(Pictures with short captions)
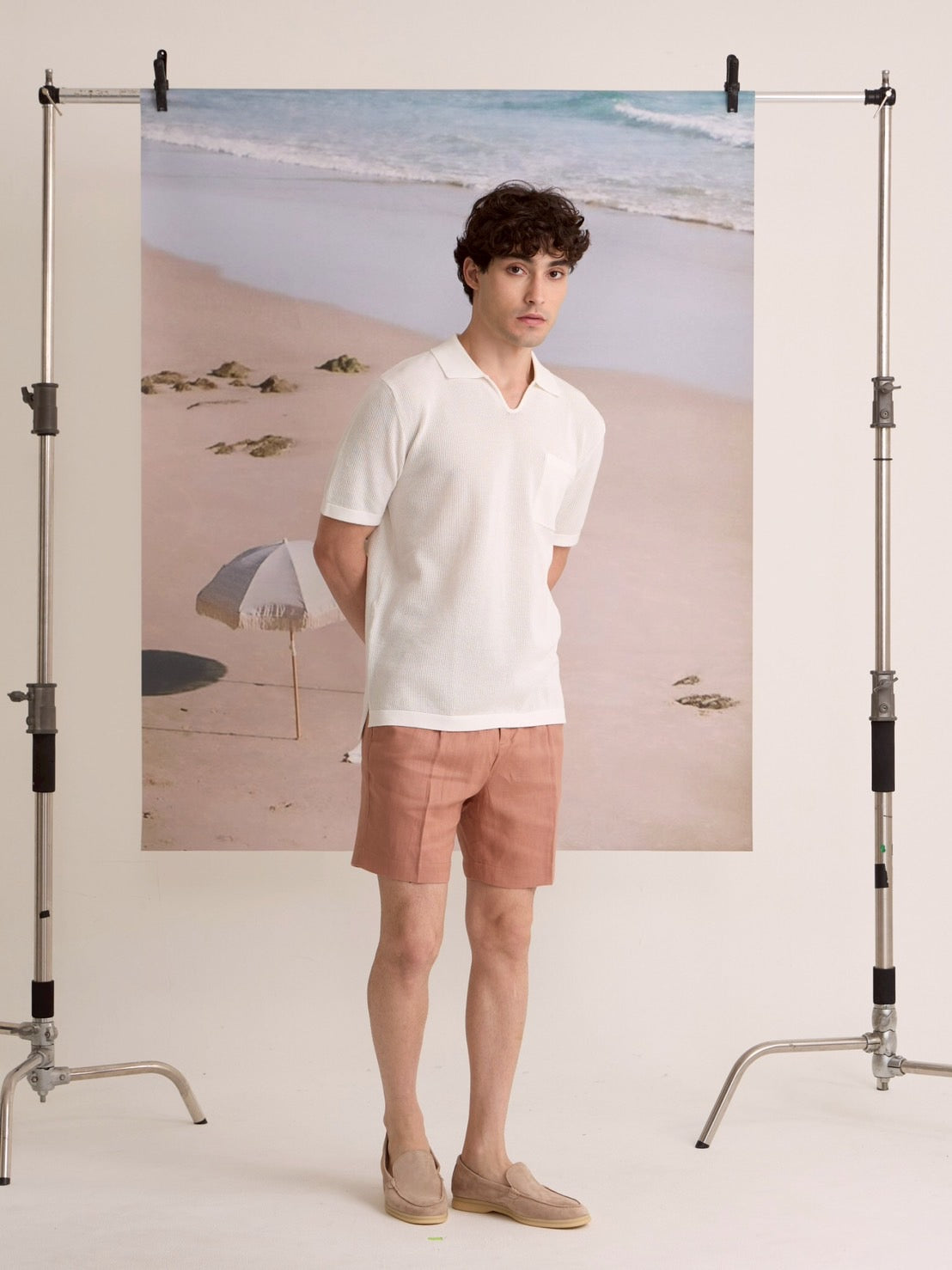 SUMMER AIR KNIT POLO - WHITE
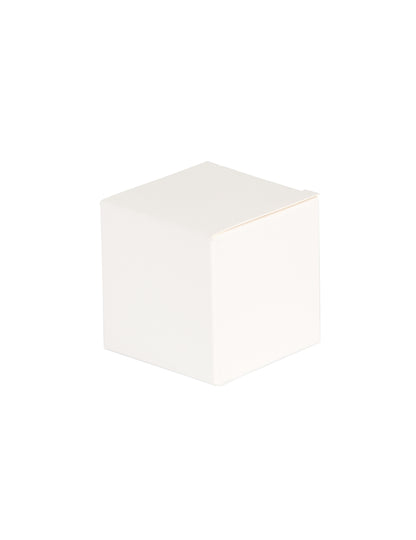 10 cutii în carton pătrat alb 5 x 5 cm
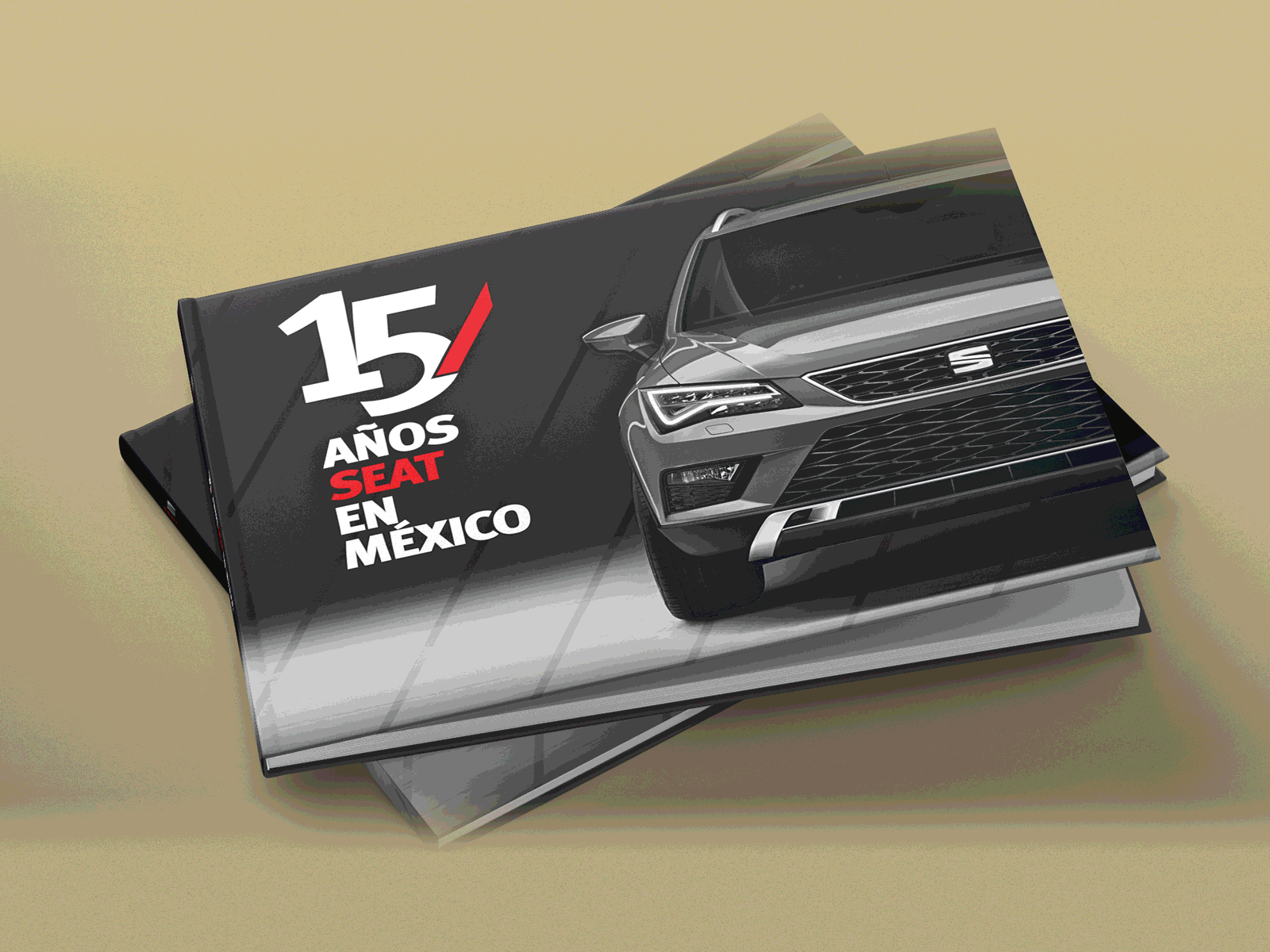 Book: 15 Years of Seat in Mexico book car colorful design editorial design seat
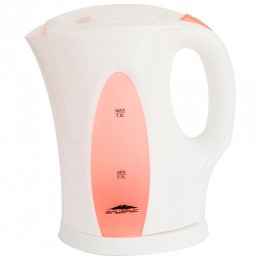 ЭЛЬБРУС Электрический чайник ЭЛЬБРУС-3 белый с розовым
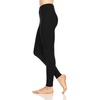 image:image100 Merino Wool Womens Base Layer Bottoms  Thermal Underwear  No Itch Renewable Fabric170 Ligthweight Black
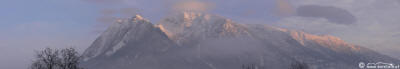 Sarstein - Sarsteinalm - Panorama - Panoramabild - Panoramaaufnahme - Salzkammergut - AutoStitch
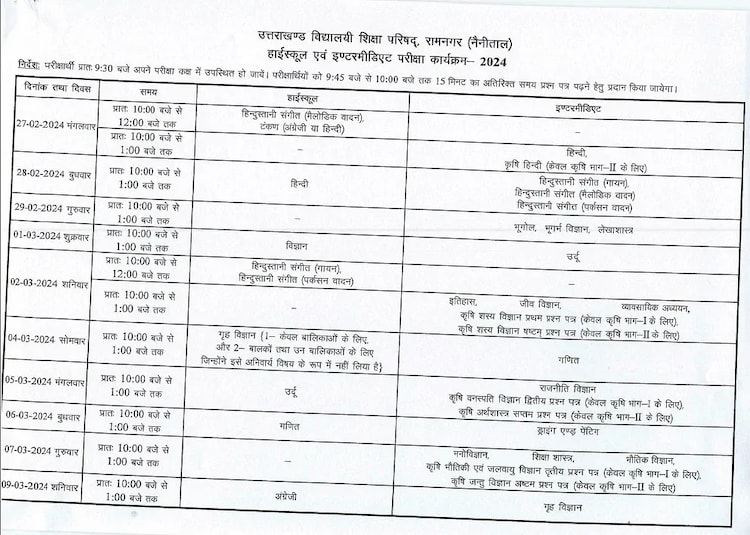 Uttarakhand board exam 2024, Uttarakhand datesheets 2024, Uttarakhand board exam 2024 datesheets, UBSE 10th datehseet, UBSE 12th datesheet, Uttarakhand board exam datesheets, Uttarakhand board Class 10 highschool datesheet, Uttarakhand board Class 12 intermediate datesheet, Uttarakhand board highschool datesheet, Uttarakhand board intermediate datesheet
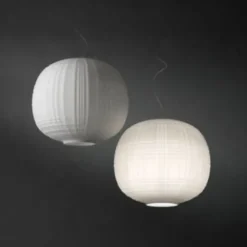 Lampa Wisząca Tartan Szara Foscarini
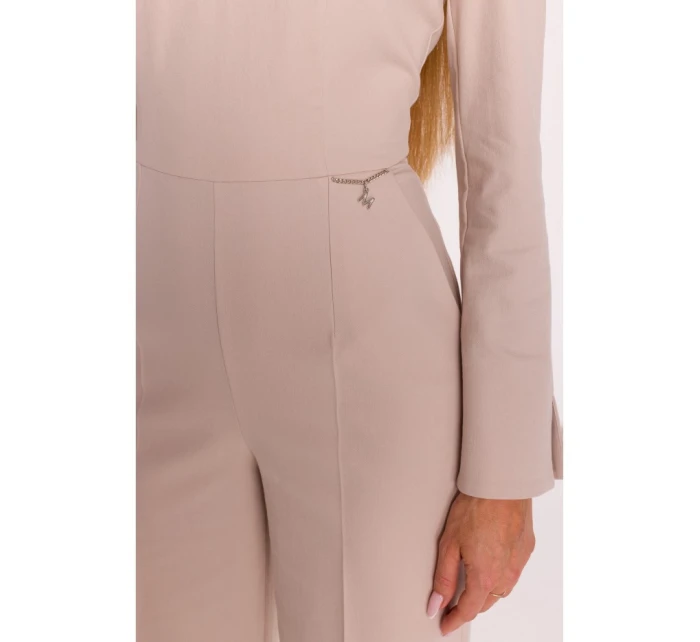 M883 Kombinéza džínového vzhledu - béžová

# INSTRUCTIONS TO FOLLOW
What you should return is the exact text of every line from the top of the entries through the line with "ЭЛЬБРУС Электрический чайник", pictures removed.

# ANSWER BOX
 SUMMER AIR KNIT POLO - WHITE
 10 cutii în carton pătrat alb 5 x 5 cm
 Book: 15 Years of Seat in Mexico book car colorful design editorial design seat
 ЭЛЬБРУС Электрический чайник ЭЛЬБРУС-3 белый с розовым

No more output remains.